At a local scale, a wide array of
research has investigated 'coupled natural and human' systems, and a
comparatively new but burgeoning area of research is now specifically examining
Food+Energy+Water systems. Our ability to model and understand local responses to
this changing climatic context has increased substantially, and a large number
of models and simulations examine urban dynamics, landscape change processes,
and other human-driven systems in the face of a changing environment. A key
component has been the use of agent-based modeling, allowing a link between
changes in the natural environment and individual decisions. Alongside this
research, global-scale climate modeling at the macro scale has allowed us to
grow our understanding of the larger trajectory of the earth's physical systems
(e.g. atmospheric and oceanic physics) in long- and near-term time frames.
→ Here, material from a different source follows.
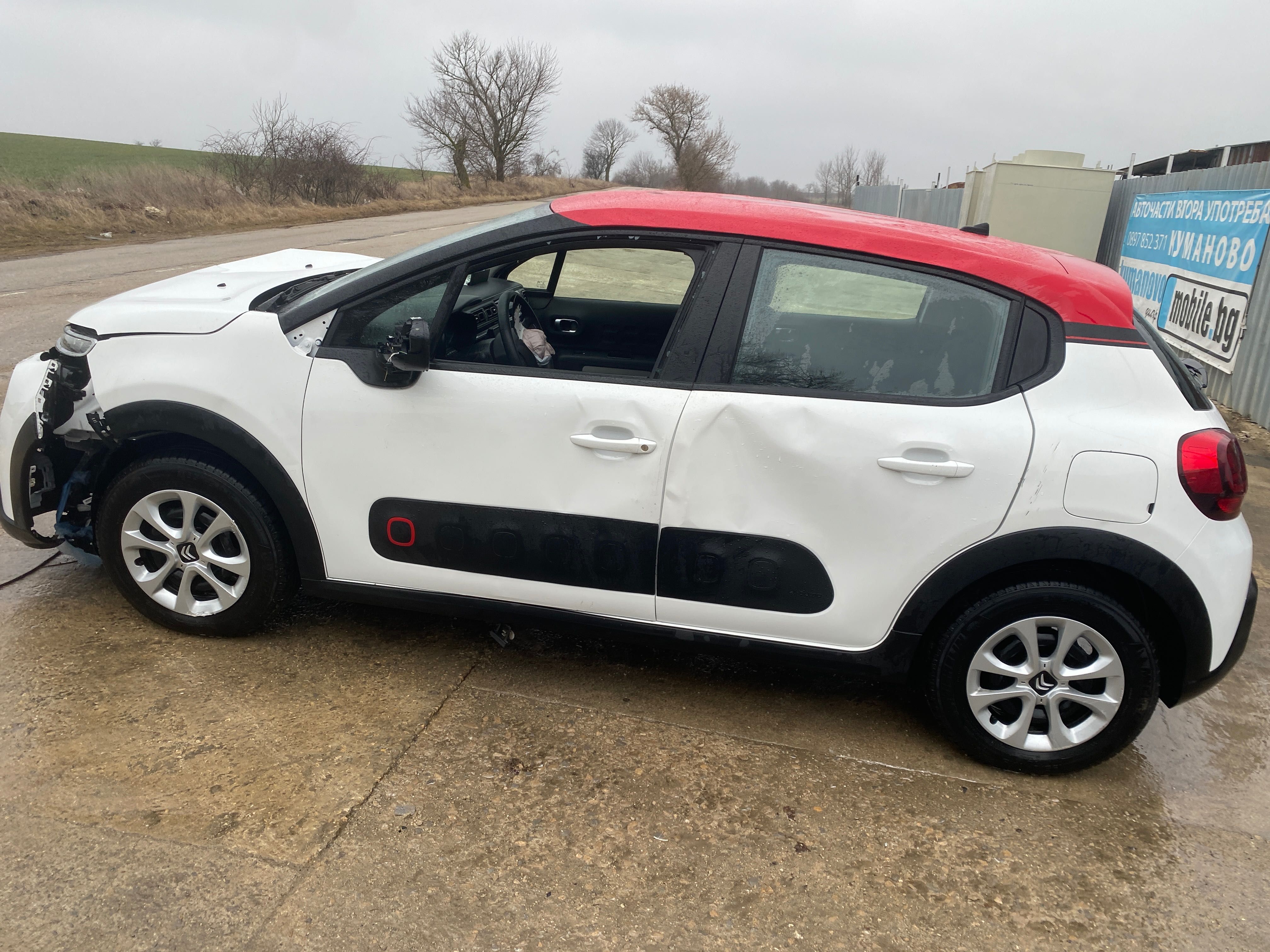 Citroen C3 1.2i, 82 ph., 5 sp, engine HMR, 13 000 km., 2019,Ситроен Ц3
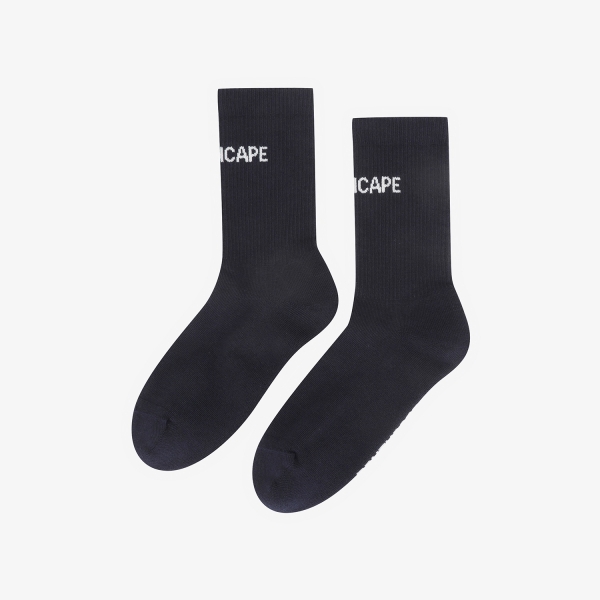 Tất golf nữ cao cổ màu xanh navy có logo Southcape màu trắng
The
domains of integrated assessment models (IAMs) and Representative Concentration
Pathways as standard approaches in long-term climate model are illustrative of
these efforts; these generally are forced to consider the human+climate interactions
unidirectionally, making assumptions about one side and following the
implications on the other.
Until recently, the possibility of
bridging these two domains was beyond serious consideration: computational
power was insufficient to take examples of specific human social systems and
expand to global scales; data for such an exercise was lacking; software
packages, programming techniques, and conceptual frameworks imposed a technical
ceiling; and linkages between the two kinds of systems could not be adequately
specified. However, all of these barriers may be surmountable in the near
future. We propose a session to examine possibilities and challenges of modeling
coupled human and climate systems at a global scale, and to capture dynamic
feedbacks between the two systems: how the climate system will impact the human
system and how these changes will in turn modify the human impacts on the
climate.
We specifically solicit papers in
the following four thematic domains:
1)
Land Use/Land Cover change and changes in Urban
Structure in response to a changing climate. Submissions that focus on
multiple systems, such as Food-Energy-Water systems, are especially encouraged,
as are submissions that emphasize how the changes observed will result in
different impacts on the climate (e.g. reduced emissions).
2)
Software and technical challenges in linking
social and physical models at multiple scales. Discussions of existing and
proposed software toolkits that allow cross-scale comparisons and link to
global scale models are sought.
3)
Theoretical issues in linking
global-scale climate models and forecasts of climate changes over long time
scales (such as CESM or Integrated Assessment Models) with social, behavioral,
economic, demographic, or other human-system components over near-term time
scales, including agent-based models;
4)
Design strategies to capture feedbacks in
both directions between human and climate systems, and represent the human and
climate systems in new ways.
Session Organizers
John T.
Murphy, University of Chicago/Argonne National Lab, USA
Moira Zellner, University of
Illinois-Chicago (UIC)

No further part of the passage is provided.